Seeing Inside AI Agents

As LLM-based agents move from passive assistants to proactive systems that execute tasks and make decisions on users' behalf, understanding how transparency shapes human-agent interaction becomes critical for safe deployment. We present a controlled study examining how transparency affects perceived understanding, error detection, and interaction strategies: revealing that transparency presents fundamental design trade-offs rather than being uniformly beneficial.

My Role

Study Design
System Prototyping (3 transparency conditions)
User Research (50 participants)
Statistical Analysis
Paper Writing

Research Context

Effect of Transparency

LLM agents are non-deterministic, prone to silent failures (errors that occur without explicit warning) and operate within an implicit trust relationship with users. As they take on higher-stakes roles, the human ability to supervise and audit agent behavior becomes critical. Transparency has been proposed as the mechanism. But does it actually work?

#1 Observation

Silent Failures

Errors that appear correct without explicit warning : and existing transparency approaches don't reliably help users catch them.

#2 Observation

Over-Reliance

Detailed explanations can increase confidence without improving error detection : a well-known but under-studied risk in agent contexts.

#3 Observation

Strategy Shifts

Transparency reshapes how users interact with agents (not just what they understand) with unintended effects on contestation and probing behaviour.

Research Questions

RQ1: How does transparency affect users' perceived understanding and ability to verify agent decisions?
RQ2: How does transparency shape perceptions of agent steerability?
RQ3: Does transparency affect the composition of user response strategies?

Study Design

A within-subjects controlled study with 50 participants recruited via professional networking platforms (all had prior AI chatbot experience). Participants interacted with a simulated airline customer-service agent across three scenarios; ticket upgrade, booking change, and compensation, each under one of three transparency conditions. Condition order was counterbalanced using a Latin square.

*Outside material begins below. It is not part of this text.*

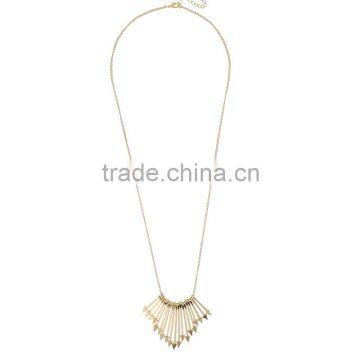 Vogue New Gold Chain Design For Men Jewelry Gold Arrows Pendant Necklace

Scripted responses were used to ensure precise control over correctness and transparency quality, eliminating stochastic variation that real LLMs would introduce.

The Three Conditions

Condition A

Opaque

Decision provided with minimal justification. No factors or policy reasoning disclosed.

Condition B

Partial

Factors and values disclosed, but without explicit policy mapping or causal reasoning.

Condition C

Transparent

Full reasoning disclosed: factors, values, and explicit policy-linked logic: the most information-rich condition.

Design Implications

The core finding: transparency is a design trade-off, not an inherently beneficial property. More transparency improves legibility and sets clearer expectations, but it does not reliably support error detection and reshapes user strategies in ways designers may not intend.

◑

Partial transparency supports better judgment

Showing key factors (without full reasoning) helps users question decisions. Too much detail can make wrong answers feel more convincing.

⊡

Full transparency changes how people interact

It helps users understand system limits, but shifts their focus toward exploring rules instead of checking decisions.

⊕

Design transparency for auditing, not just explanation

Use progressive disclosure and tools like “What if?” scenarios to help users test and verify decisions.

Reflection

Why This Work Matters

As LLM agents become more autonomous, the question isn't just whether they're capable; it's whether users can meaningfully oversee them. This study shows that designing for transparency isn't as simple as showing more information. The relationship between what users see and what they can meaningfully evaluate is non-trivial, and getting it wrong has real consequences in high-stakes domains.

The finding that partial transparency outperformed full transparency for error detection is a counter-intuitive result that has direct implications for how AI systems are designed, and a compelling argument for empirical HCI research alongside capability benchmarks.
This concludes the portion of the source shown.